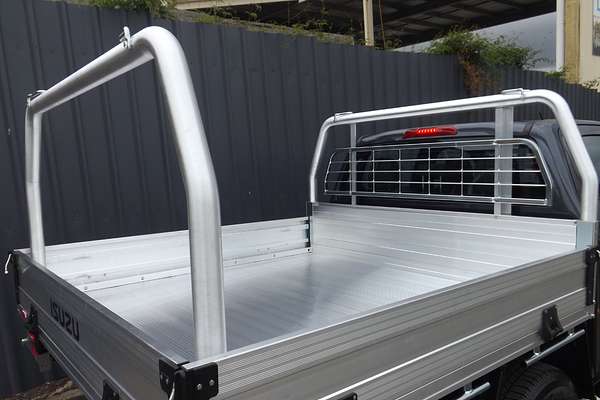 2025 Isuzu D-MAX LS-U 4X4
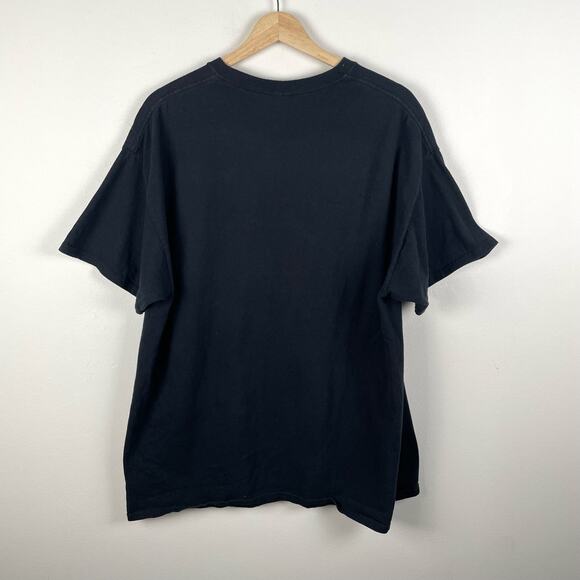 Fyre Fest Ja Rule Rap Tee Graphic T Shirt Black Size XL - Picture 4 of 4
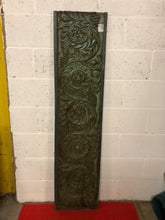 Load image into Gallery viewer, WOODEN CARVED PANEL
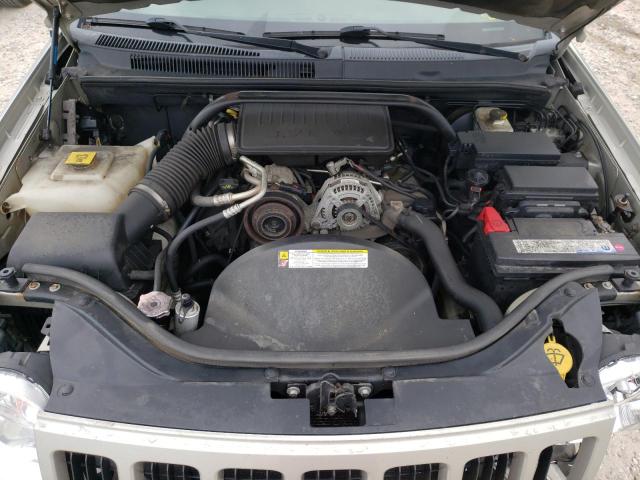 Photo 7 from auction – 2008 JEEP GRAND CHER with VIN 1J8GR48K38C199890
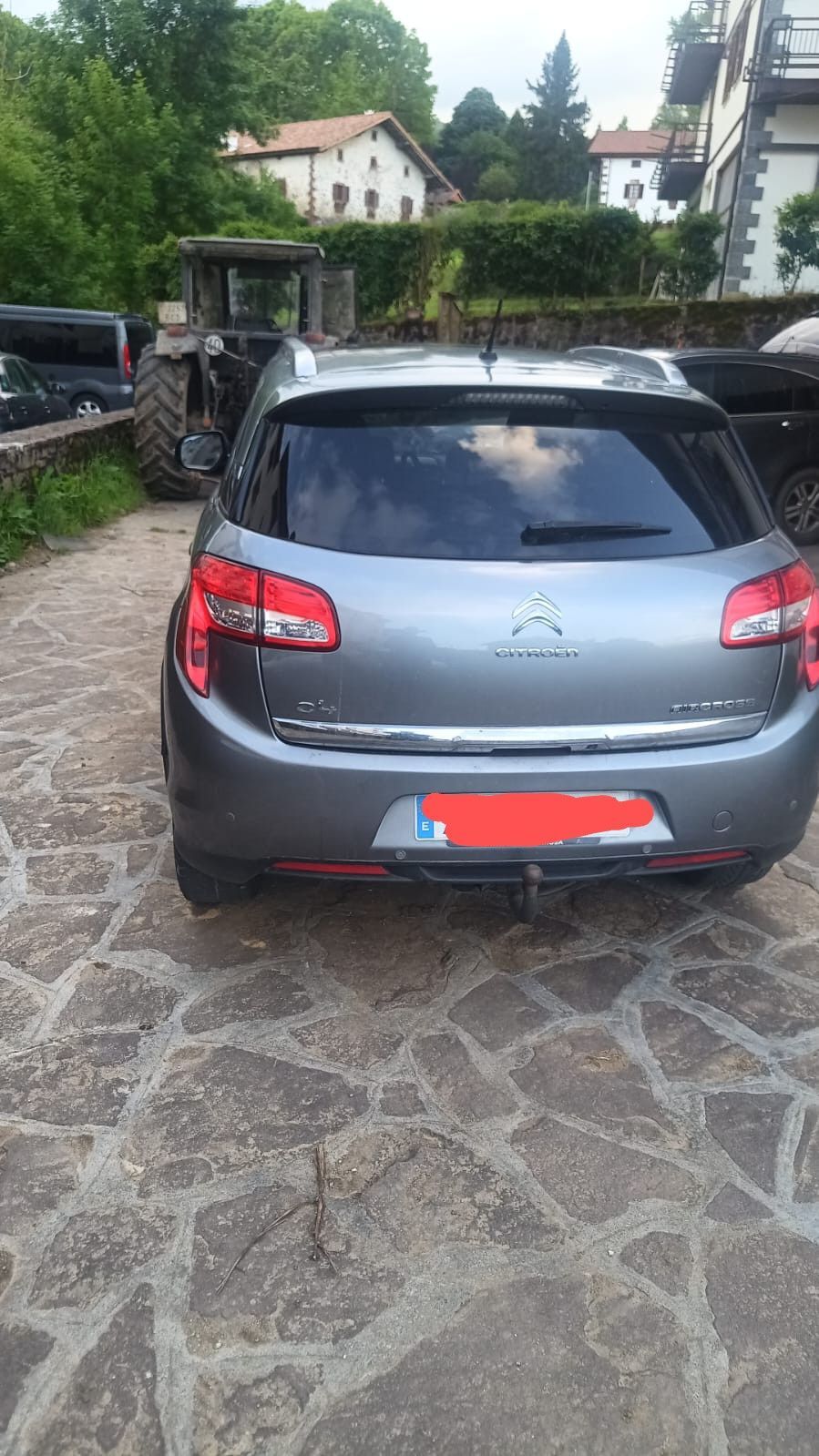 Foto del CITROEN C4 Aircross 1.6HDI S&S Seduction 2WD 115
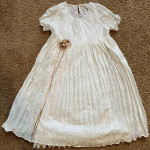 Flower Girl Dress for Wedding size 7-8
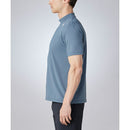 ベストスポーツ DESCENTE GOLF（デサントゴルフ）製品。DESCENTE GOLF モックネックベアスムース半袖シャツ 25SS DG5SHS18M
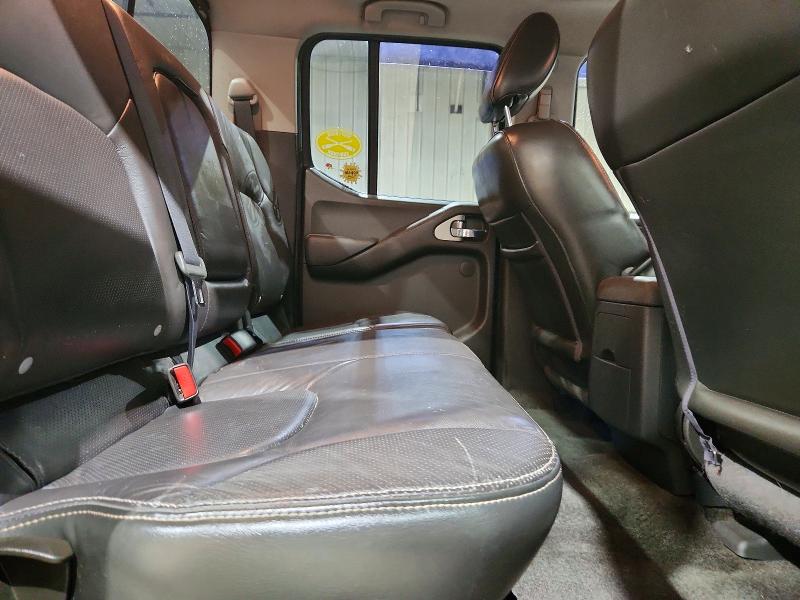 Photo 10 from auction – 2014 NISSAN FRONTIER with VIN 1N6AD0EV7EN734591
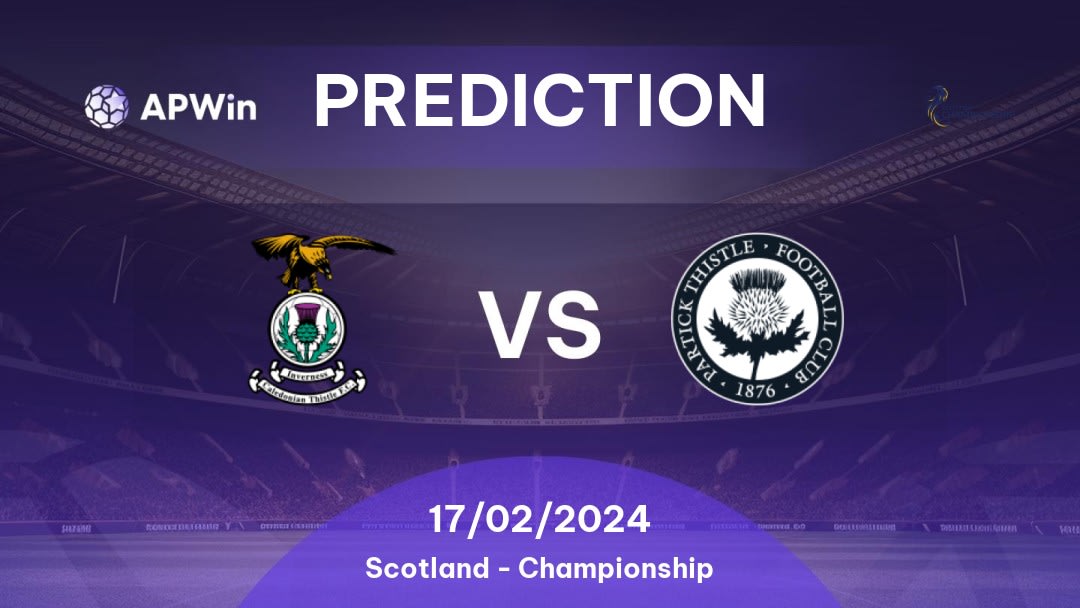 Inverness CT vs Partick Thistle Betting Tips: 07/10/2022 - Matchday 10 - Scotland Championship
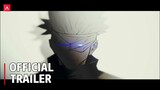 Jujustu Kaisen Movie – Official Trailer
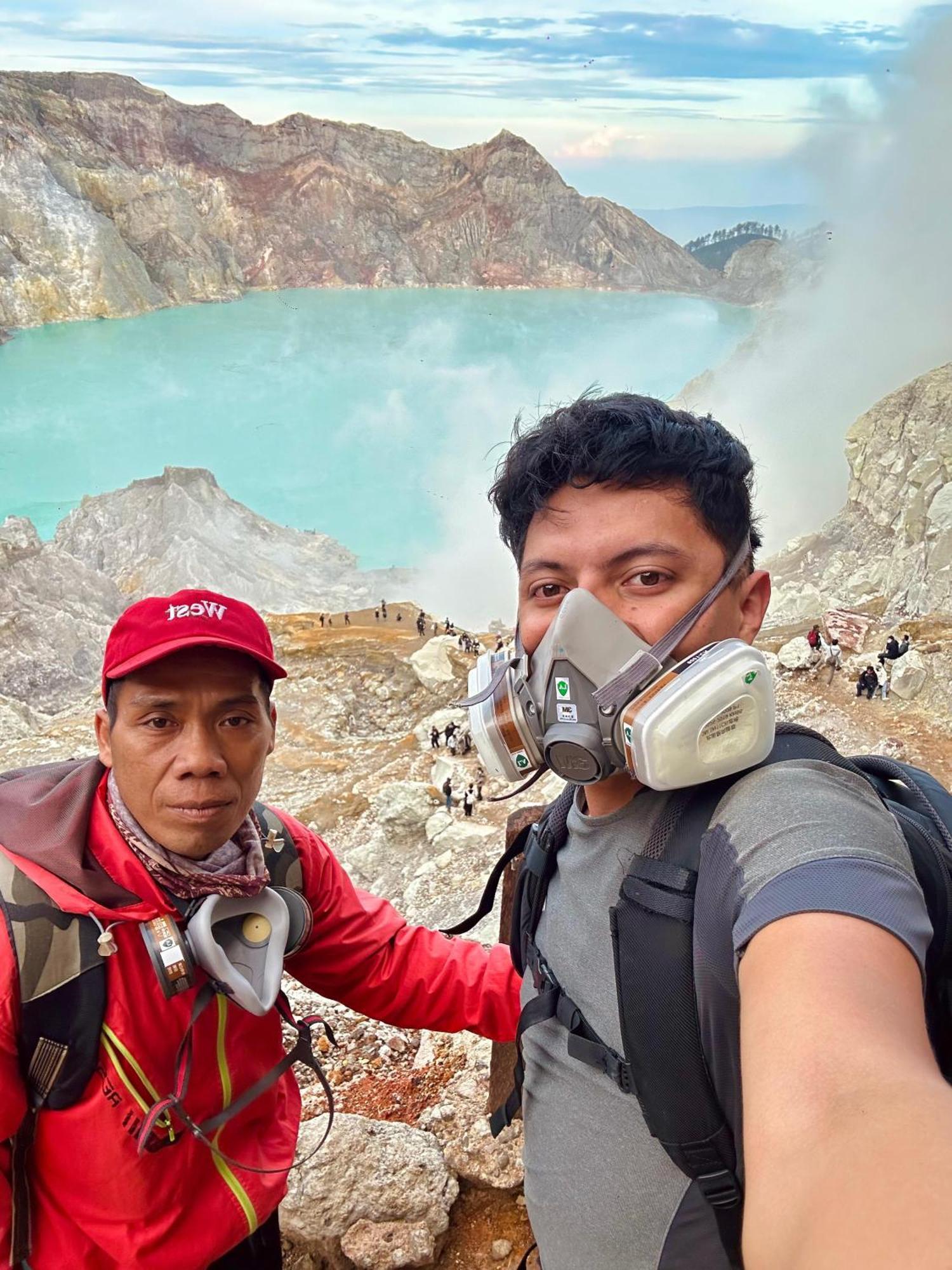 A Pousada Ijen Backpacker Banyuwangi  Exterior foto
________________________
■ Task description:
Retype each of the entries above exactly as it appears, with no pictures.

■ Output for this task:
 2025 Isuzu D-MAX LS-U 4X4
 Fyre Fest Ja Rule Rap Tee Graphic T Shirt Black Size XL - Picture 4 of 4
 Load image into Gallery viewer, WOODEN CARVED PANEL
 Photo 7 from auction – 2008 JEEP GRAND CHER with VIN 1J8GR48K38C199890
 Foto del CITROEN C4 Aircross 1.6HDI S&S Seduction 2WD 115
 Flower Girl Dress for Wedding size 7-8
 ベストスポーツ DESCENTE GOLF（デサントゴルフ）製品。DESCENTE GOLF モックネックベアスムース半袖シャツ 25SS DG5SHS18M
 Photo 10 from auction – 2014 NISSAN FRONTIER with VIN 1N6AD0EV7EN734591
 Inverness CT vs Partick Thistle Betting Tips: 07/10/2022 - Matchday 10 - Scotland Championship
 Jujustu Kaisen Movie – Official Trailer
 A Pousada Ijen Backpacker Banyuwangi  Exterior foto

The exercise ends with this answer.